- Neuerscheinungen, Politik
Yanis Varoufakis: Adults in the Room
Die scharfe Europakritik eines überzeugten Europäers
Rechtzeitig zur Urlaubssaison ist der wahrscheinlich spannendste Politthriller des Jahres erschienen. Das Beste daran: er ist dokumentarisch. Mit Adults in the Room hat der frühere griechische Finanzminister Yanis Varoufakis seine Memoiren von 2010 bis 2015 publiziert. Was man als Rechtfertigung seiner Positionen lesen kann, ist vor allem ein faszinierender Blick hinter die Kulissen europäischer Politik.
Der griechische Staat braucht gerade wieder finanzielle „Hilfe“. Dem Land droht – wieder einmal – die Pleite. Die Eurogruppe einigte sich vor kurzem, mit einem neuen Milliardenpaket beizuspringen.

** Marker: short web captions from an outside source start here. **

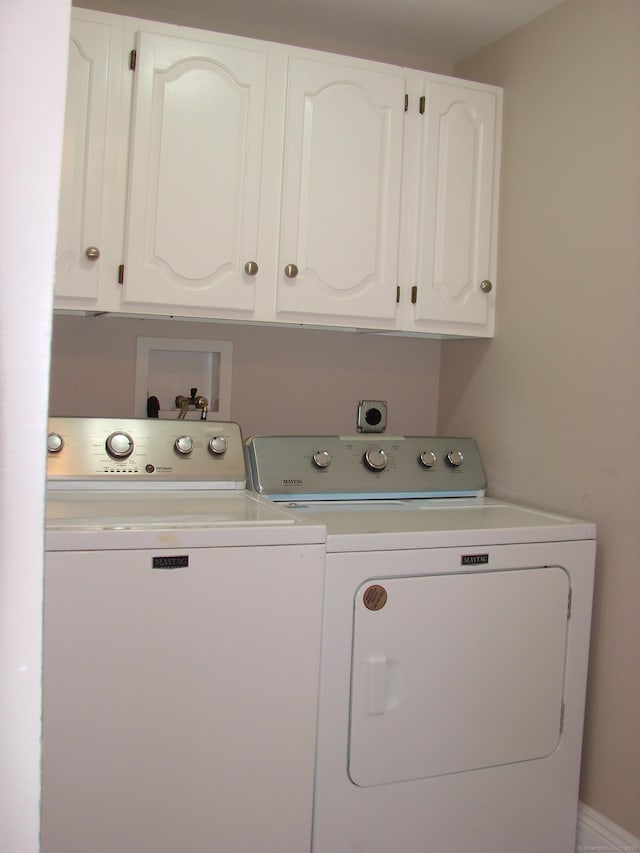 566 Savoy St, Bridgeport, CT 06606 - laundry area with washing machine and dryer and cabinet space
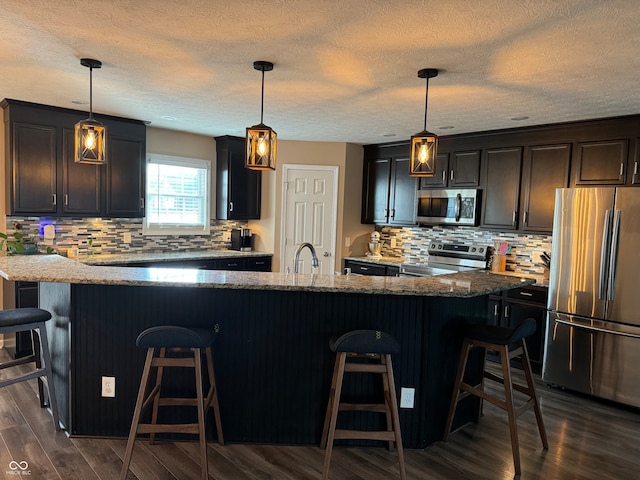 kitchen with a kitchen breakfast bar, pendant lighting, and stainless steel appliances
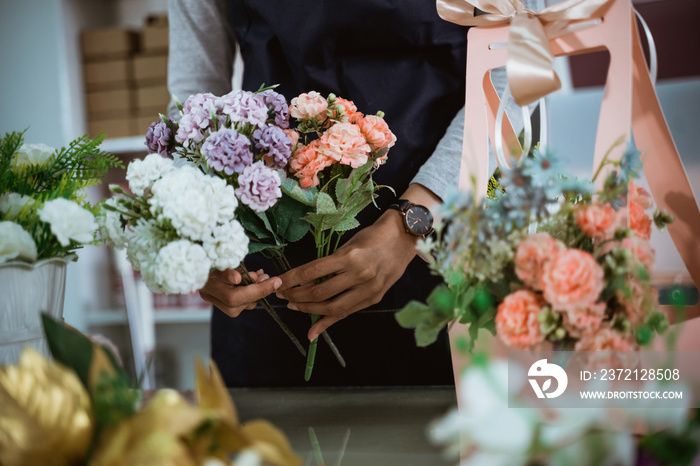 portrait florist preparing a gift flower on table workspace for customer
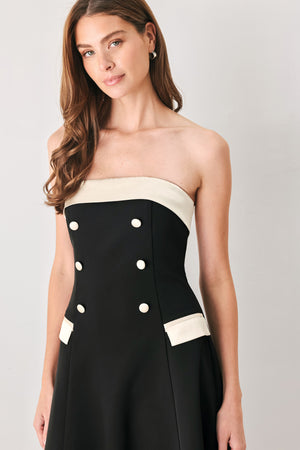 Woman wearing a strapless black midi dress with cream strap across the strapless neckline, double breasted buttons, faux pockets | FREEMARKET
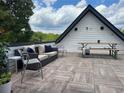 Relax on this rooftop deck with comfortable seating and dining table, offering an inviting outdoor retreat at 1331 Iverson Ne St # A, Atlanta, GA 30307
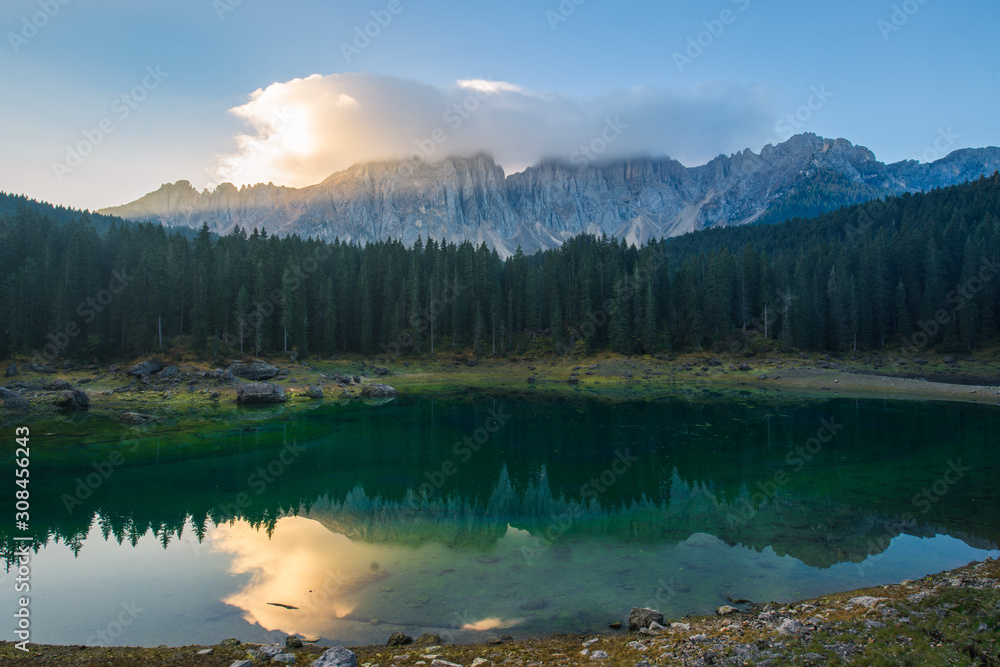 Sunrise landscapes in Lago di Carezza and Latemar Mountain in the background in Welschnofen, South Tyrol, Italy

Eine der im Norden dazu erzählten Geschichten geht folgendermaßen: Wir helfen den armen Griechen zum Erhalt der Einheit Europas und zwingen sie im Gegenzug, sich von Rückständigkeit und Korruption zu befreien. Das neue Buch von Yanis Varoufakis präsentiert eine alternative Geschichte, in der der Autor mit diesen selbstgefälligen Illusionen der Nordeuropäer aufräumt, gleichzeitig – und das ist noch viel spannender – zeigt es am Beispiel der Griechenlandkrise, wie europäische Politik hinter verschlossenen Türen abläuft.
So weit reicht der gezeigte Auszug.